Single by Slim Whitman

from the album America's Favorite Folk Artist
- A-side: "An Amateur in Love" "By the Waters of the Minnetonka"
- Released: 1952
- Recorded: 1952
- Genre: Country
- Length: 2:45
- Label: Imperial
- Songwriters: James Mulloy Cavanass; Thurlow Lieurance;

Slim Whitman singles chronology
| "Indian Love Call" / "China Doll" (1952) | "By the Waters of the Minnetonka" / "An Amateur in Love" (1952) | "Keep It a Secret" / "My Heart Is Broken in Three" (1952) |

= By the Waters of the Minnetonka =

"By the Waters of the Minnetonka" is an American song written in 1915 by James Mulloy Cavanass and Thurlow Lieurance. Many recordings have been made of it over the years and the most popular version was that by Alice Nielsen in 1915.

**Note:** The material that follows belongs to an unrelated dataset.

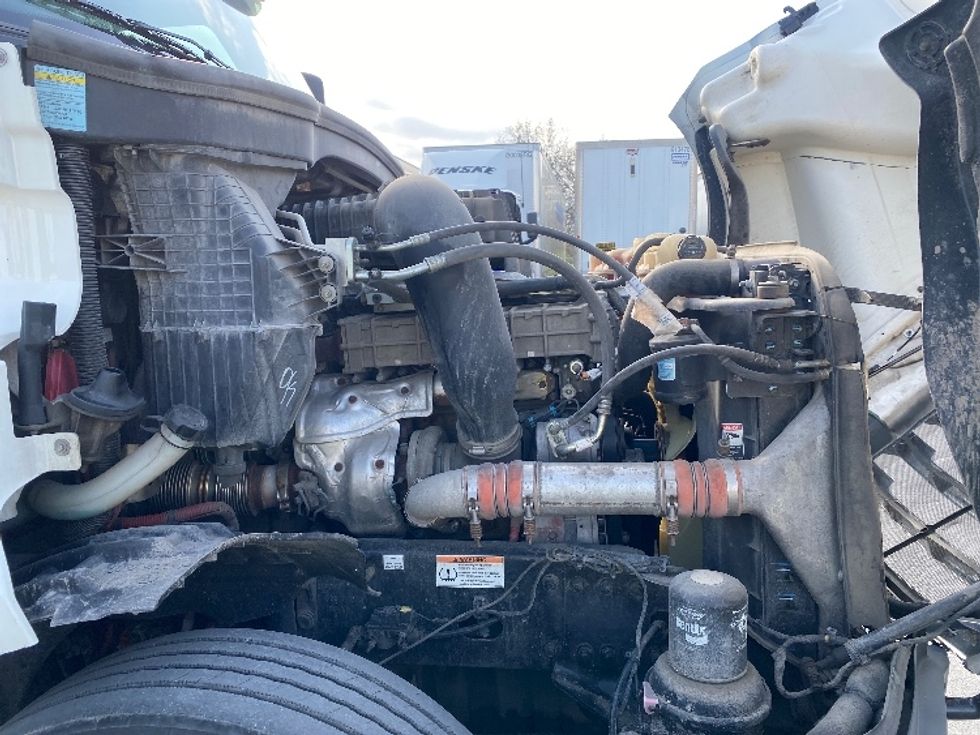 Day Cab Tractor-Heavy Duty Tractors-Freightliner-2020-T12664ST-Louisville-KY-325,928\n\t\tmiles-$ 56,000 - Image 15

== Slim Whitman version ==
Slim Whitman recorded this song for Imperial. It was released as a single (with "An Amateur in Love" on the flip side) in 1952.

Professional ratings
Review scores
| Source | Rating |
| Billboard | positive |

===Track listing ===

7-inch single (Imperial 45-8163, 1952, United States)
| No. | Title | Writer(s) | Length |
|---|---|---|---|
| 1. | "An Amateur in Love" | Slim Whitman; Lou Wayne; |  |
| 2. | "By the Waters of the Minnetonka" | James Mulloy Cavanass; Thurlow Lieurance; |  |

== The Marty Gold Orchestra & Chorus version ==
A version by The Marty Gold Orchestra & Chorus was included on their 1959 album By the Waters of the Minnetonka (Kapp KL 1125).